=====================
GPU / JAX / CuPy
=====================

*findiff* can transparently operate on **JAX** and **CuPy** arrays in addition
to standard NumPy arrays.  All derivative operators (``Diff``, ``Gradient``,
``Divergence``, ``Curl``, ``Laplacian``) and operator compositions (addition,
multiplication, exponentiation) work out of the box — just pass an array from
any supported backend.

Installation
============

*findiff* detects JAX and CuPy at runtime; neither is a hard dependency.
Install whichever backend you need:

.. code-block:: shell

    # JAX — CPU only
    pip install jax

    # JAX — NVIDIA GPU
    pip install jax[cuda12]

    # CuPy — NVIDIA GPU
    pip install cupy-cuda12x


Basic usage
===========

Pass a JAX (or CuPy) array where you would normally pass a NumPy array:

.. code-block:: python

    import jax
    import jax.numpy as jnp
    from findiff import Diff

    jax.config.update("jax_enable_x64", True)

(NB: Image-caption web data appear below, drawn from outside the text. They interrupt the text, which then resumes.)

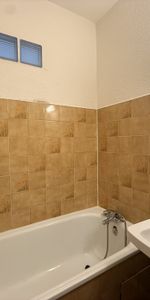 Hopitaux-Facultés - Studio - 20m² - Photo 3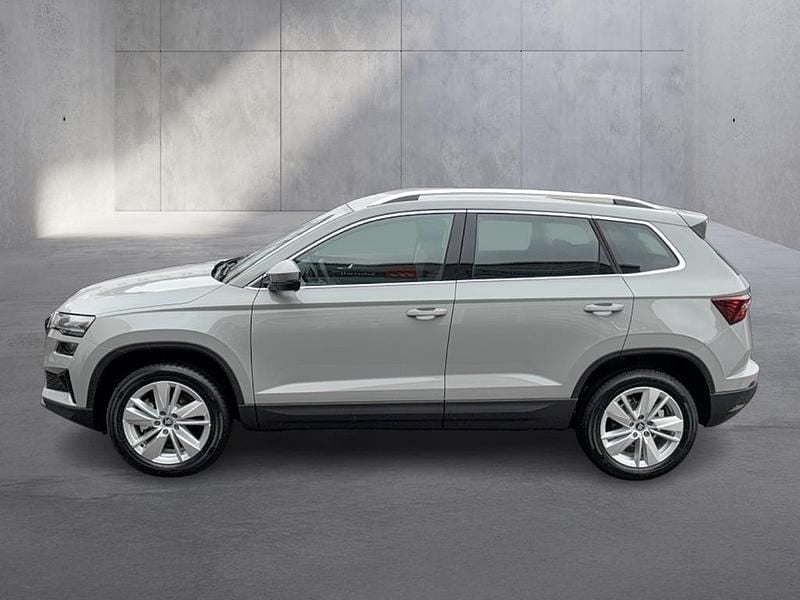 Neu Skoda Karoq Selection 150 PS (110 kW) 2026 Mittelgrau  normal SUV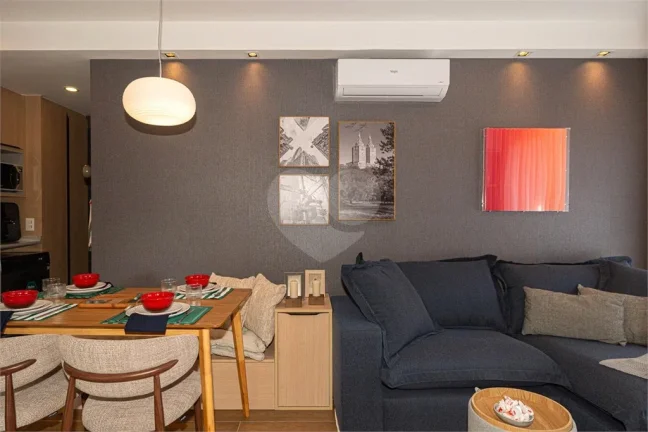 Imagem Apartamento para alugar com 2 quartos no condomínio Helbor B Liv Broklin, São Paulo - SP
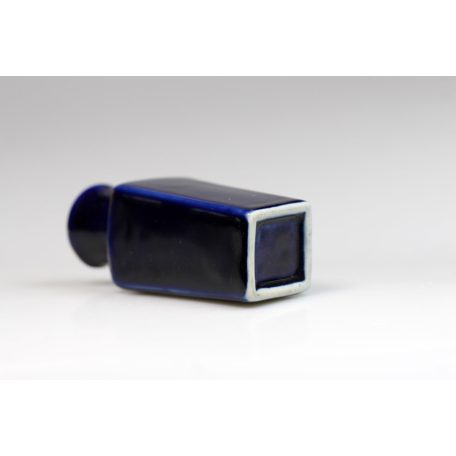 Kék mázas kis váza keleti dekorral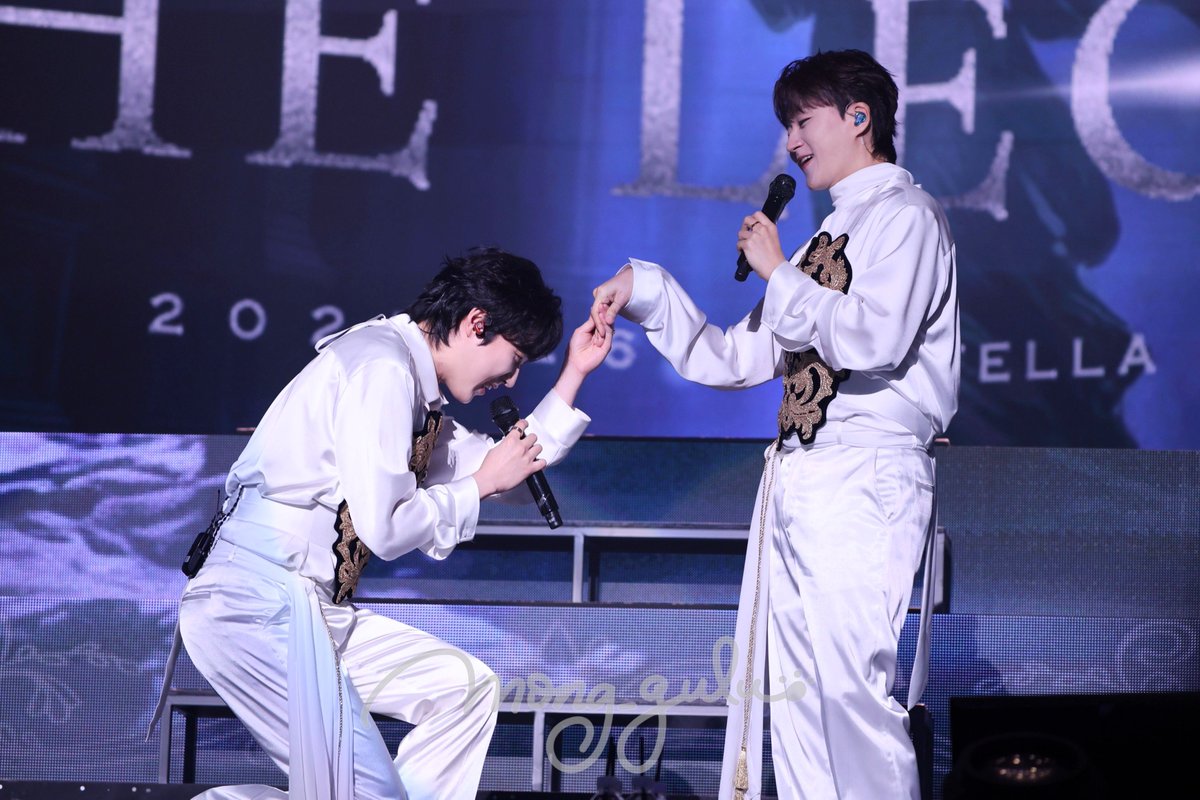 몽꾸룩 tweet media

    x = jnp.linspace(0, 2 * jnp.pi, 1000)
    dx = float(x[1] - x[0])
    f = jnp.sin(x)

    d_dx = Diff(0, dx)
    df_dx = d_dx(f)          # returns a JAX array
    type(df_dx)               # jaxlib.xla_extension.ArrayImpl

The result stays on the same backend as the input — no implicit copies back
to NumPy.


Using ``jax.jit`` for speed
============================

Without JIT, JAX dispatches each NumPy-like operation individually, which can
be *slower* than plain NumPy due to dispatch overhead.  The real speedup comes
from **JIT compilation**, which fuses all the slice and arithmetic operations
inside the operator into a single optimized kernel:

.. code-block:: python

    d_dx_jit = jax.jit(d_dx)

    # First call traces + compiles (slow):
    result = d_dx_jit(f)

    # Subsequent calls reuse the compiled kernel (fast):
    result = d_dx_jit(f)

This works for any operator, including composed operators and vector calculus
shortcuts:

.. code-block:: python

    from findiff import Laplacian

    lap = Laplacian(h=[dx, dy, dz])
    lap_jit = jax.jit(lap)
    result = lap_jit(f_3d)

.. tip::

    Always call ``.block_until_ready()`` when benchmarking JAX, since JAX uses
    asynchronous dispatch::

        result = lap_jit(f_3d).block_until_ready()


Non-uniform grids
=================

Non-uniform grid coordinates can be passed as JAX or CuPy arrays.  They are
converted to NumPy internally for coefficient computation (which happens once
at operator construction time), while the operator application still runs on
the GPU backend:

.. code-block:: python

    import numpy as np

    x = np.linspace(0, np.pi, 500)        # NumPy coords for construction
    f = jnp.array(np.sin(x))              # JAX array for application

    d_dx = Diff(0, x)
    result = d_dx(f)                       # returns a JAX array


Vector calculus
===============

``Gradient``, ``Divergence``, ``Curl``, and ``Laplacian`` all support
alternative backends:

.. code-block:: python

    from findiff import Gradient, Laplacian

    grad = Gradient(h=[dx, dy], acc=4)
    grad_f = grad(f_2d_jax)               # returns a JAX array

    lap = Laplacian(h=[dx, dy])
    lap_f = lap(f_2d_jax)                 # returns a JAX array


Operator composition
====================

Composed operators with scalar or array coefficients work as expected:

.. code-block:: python

    from findiff import Diff, Identity

    d2 = Diff(0, dx) ** 2
    L = d2 + Identity()                    # d²/dx² + 1

    L_jit = jax.jit(L)
    result = L_jit(f_jax)


What is **not** supported on GPU
=================================

The following features remain **NumPy / SciPy only** and will raise errors or
return NumPy arrays if called with GPU data:

* ``.matrix(shape)`` — returns a ``scipy.sparse`` matrix
* ``PDE`` and ``BoundaryConditions`` — use ``scipy.sparse.linalg`` solvers
* ``TimeDependentPDE`` / ``MOLSolution`` — implicit time steppers use sparse solvers
* ``CompactScheme`` operators — use ``scipy.sparse.linalg.splu``
* ``Stencil`` / ``StencilSet`` — construction depends on the matrix path
* ``.eigs()`` / ``.eigsh()`` — use ``scipy.sparse.linalg``


Running the benchmarks
======================

The test suite includes benchmarks that compare NumPy and JAX performance.
They are excluded from normal ``pytest`` runs and can be executed with:

.. code-block:: shell

    pytest -m benchmark -v -s --override-ini='addopts='